In 1986, Andrzej Sapkowski created a fresh type of hero for fantasy literature. Typical characters in this genre tend to be one-dimensional – either good or bad. Geralt the witcher is different; he operates in morally grey areas, and what is really at stake are his beliefs and values. He is also questions his humanity and his ability to bring order to the world – he knows that a single man cannot fight each ruler, mage, and soldier. He often has to choose the lesser evil.
CD Projekt RED successfully transferred this element to their games, which have very interesting consequences for the players. They constantly face moral choices, and it is hard to predict how their decisions will affect the game. Playing as Geralt allows players to do some true role-playing, with a choice system which actually radically alters the way the story plays out. And it is not uncommon to have to choose between two bad options, or to discover that a choice which was previously considered worse is looking better in the light of recent events, like in a quest when a knight asks Geralt to find his sister, who he believes might have been captured by vampires.
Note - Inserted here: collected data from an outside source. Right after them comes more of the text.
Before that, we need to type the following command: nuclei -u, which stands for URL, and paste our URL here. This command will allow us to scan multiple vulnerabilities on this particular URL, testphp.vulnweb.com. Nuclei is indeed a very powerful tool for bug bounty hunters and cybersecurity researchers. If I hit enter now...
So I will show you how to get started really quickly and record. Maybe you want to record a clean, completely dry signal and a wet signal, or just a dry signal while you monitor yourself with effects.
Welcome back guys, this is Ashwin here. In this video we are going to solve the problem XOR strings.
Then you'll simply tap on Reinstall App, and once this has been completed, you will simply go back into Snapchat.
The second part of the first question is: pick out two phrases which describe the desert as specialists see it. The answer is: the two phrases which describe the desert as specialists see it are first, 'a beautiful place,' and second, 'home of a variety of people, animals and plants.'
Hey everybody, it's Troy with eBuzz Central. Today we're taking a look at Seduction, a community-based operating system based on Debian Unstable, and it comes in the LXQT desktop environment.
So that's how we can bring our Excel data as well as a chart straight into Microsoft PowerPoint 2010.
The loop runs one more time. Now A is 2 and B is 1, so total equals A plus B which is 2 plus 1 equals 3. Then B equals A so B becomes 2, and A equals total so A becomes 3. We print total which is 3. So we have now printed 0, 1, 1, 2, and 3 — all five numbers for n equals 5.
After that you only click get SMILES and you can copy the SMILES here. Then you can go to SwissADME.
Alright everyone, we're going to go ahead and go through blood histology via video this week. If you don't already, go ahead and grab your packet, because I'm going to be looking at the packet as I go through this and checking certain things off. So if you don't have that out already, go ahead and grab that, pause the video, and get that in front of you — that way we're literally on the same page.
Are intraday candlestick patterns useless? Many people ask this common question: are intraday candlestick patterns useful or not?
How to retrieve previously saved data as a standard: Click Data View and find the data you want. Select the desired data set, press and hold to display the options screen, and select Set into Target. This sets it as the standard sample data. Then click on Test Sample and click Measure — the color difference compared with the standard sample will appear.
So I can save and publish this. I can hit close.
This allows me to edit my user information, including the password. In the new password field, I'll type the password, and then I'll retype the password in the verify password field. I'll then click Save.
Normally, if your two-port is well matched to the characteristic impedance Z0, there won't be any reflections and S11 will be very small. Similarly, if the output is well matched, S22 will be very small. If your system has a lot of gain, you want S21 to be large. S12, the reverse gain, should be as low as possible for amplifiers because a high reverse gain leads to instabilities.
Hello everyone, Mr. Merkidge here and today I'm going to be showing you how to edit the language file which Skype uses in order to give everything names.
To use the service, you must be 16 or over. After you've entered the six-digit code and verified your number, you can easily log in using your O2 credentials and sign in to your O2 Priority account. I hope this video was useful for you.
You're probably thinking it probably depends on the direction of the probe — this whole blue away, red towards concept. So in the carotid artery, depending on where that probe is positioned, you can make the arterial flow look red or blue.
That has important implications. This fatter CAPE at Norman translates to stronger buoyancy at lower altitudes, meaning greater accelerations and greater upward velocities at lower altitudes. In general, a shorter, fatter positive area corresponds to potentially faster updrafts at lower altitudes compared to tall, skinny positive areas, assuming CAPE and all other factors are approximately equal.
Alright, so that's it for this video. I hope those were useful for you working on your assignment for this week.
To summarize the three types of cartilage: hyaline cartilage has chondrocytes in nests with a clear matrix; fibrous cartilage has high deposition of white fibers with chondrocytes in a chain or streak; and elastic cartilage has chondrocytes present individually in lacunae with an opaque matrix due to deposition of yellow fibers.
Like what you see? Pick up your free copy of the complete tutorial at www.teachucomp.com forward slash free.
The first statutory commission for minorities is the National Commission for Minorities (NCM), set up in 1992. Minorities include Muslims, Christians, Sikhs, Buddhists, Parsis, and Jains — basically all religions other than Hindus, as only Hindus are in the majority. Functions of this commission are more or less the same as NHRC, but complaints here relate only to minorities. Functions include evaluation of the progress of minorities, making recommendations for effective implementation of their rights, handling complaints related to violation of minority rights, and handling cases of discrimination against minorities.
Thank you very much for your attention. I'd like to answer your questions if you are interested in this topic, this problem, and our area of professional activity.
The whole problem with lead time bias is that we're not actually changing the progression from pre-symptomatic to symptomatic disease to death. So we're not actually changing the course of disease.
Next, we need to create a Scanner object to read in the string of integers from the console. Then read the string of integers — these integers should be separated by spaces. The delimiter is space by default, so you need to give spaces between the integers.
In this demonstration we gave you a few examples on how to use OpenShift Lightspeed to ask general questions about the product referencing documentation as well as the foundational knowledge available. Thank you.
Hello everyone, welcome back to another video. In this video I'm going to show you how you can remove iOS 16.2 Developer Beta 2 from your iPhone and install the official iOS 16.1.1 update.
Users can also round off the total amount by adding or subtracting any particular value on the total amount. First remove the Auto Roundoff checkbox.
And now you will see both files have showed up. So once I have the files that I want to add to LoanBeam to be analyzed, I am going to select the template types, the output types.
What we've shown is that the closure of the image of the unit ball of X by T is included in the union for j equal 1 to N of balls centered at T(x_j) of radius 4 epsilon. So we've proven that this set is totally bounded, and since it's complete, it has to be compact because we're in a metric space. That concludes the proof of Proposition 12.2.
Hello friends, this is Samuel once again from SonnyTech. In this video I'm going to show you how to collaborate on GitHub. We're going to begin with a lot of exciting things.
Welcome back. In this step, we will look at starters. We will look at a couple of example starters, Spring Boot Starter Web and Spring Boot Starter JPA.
The witcher learns that she is indeed now sided with the vampires (who reside in a local brothel), but that she chose this life to escape from her brother, who was forcing her to marry an old aristocrat. She would like to live forever and save her beauty. What Geralt does is up to the player. He can kill the vampires (after all, that’s what witchers do), but save the girl by killing her brother also – she won't be happy but she will at least be free. He can act against the witcher’s code: accept the vampire queen's offer (and have sex with her servants), and when the knight stumbles into the brothel, the witcher still can side with him or try to defend the vampires. Every choice means a different reward and different consequences.
Geralt of Rivia came to life in the books. But he needed a new type of medium: games. Acting out a scenario filled with quests and choices allow players to feel how it is to be the despised mutant in a morally ambiguous world. This is not another story about a knight in shining armour, and aside from being entertaining, it can also tell us something about humanity and the modern world. Reviews for The Witcher 3: Wild Hunt reveal that the third part of the game seems to emphasize this aspect even more. It is sure to be a fitting ending to the trilogy of Geralt's adventures.